Despite the fact that the Reds have locked up 3 really good players to extenstions, the greatly overpaid those players to the tune of about $100 million. That's a lot of World Series Championships they need to win in order to justify the overpay. They wold need the Dodgers to come and bail them out the same way they did with the Red Sox this year with the Gonzalez/Crawford/Beckett trade.
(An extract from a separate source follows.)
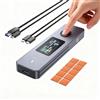 VCOM Enclosure SSD con crittografia delle impronte digitali con schermo LCD, custodia per disco rigido USB 3.2 Gen2 da 10 Gbps, supporto M.2 NVMe e SATA SSD, unità esterna crittografata hardware per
One really interesting note on the Pirates would be Jose Tabata. He is locked up cheaply for a nice long time, but is only expected to be leauge average performance wise. With Starlin Marte ready for prime time, Tabata could net them a starting pitcher for a pennant push if need be. Of course any deal for Tabata would rest on his health and his performance, but if he lives up to expectations, I would be shocked to the the Bucs hold onto him.

I am going to attempt to do this for the entire leauge, but would be interested to see what people think of what I have posted here. There is an older prospect valuation method created by Victor Wong of The Hardball Times, but they are a bit out of date, but are still close to accurate.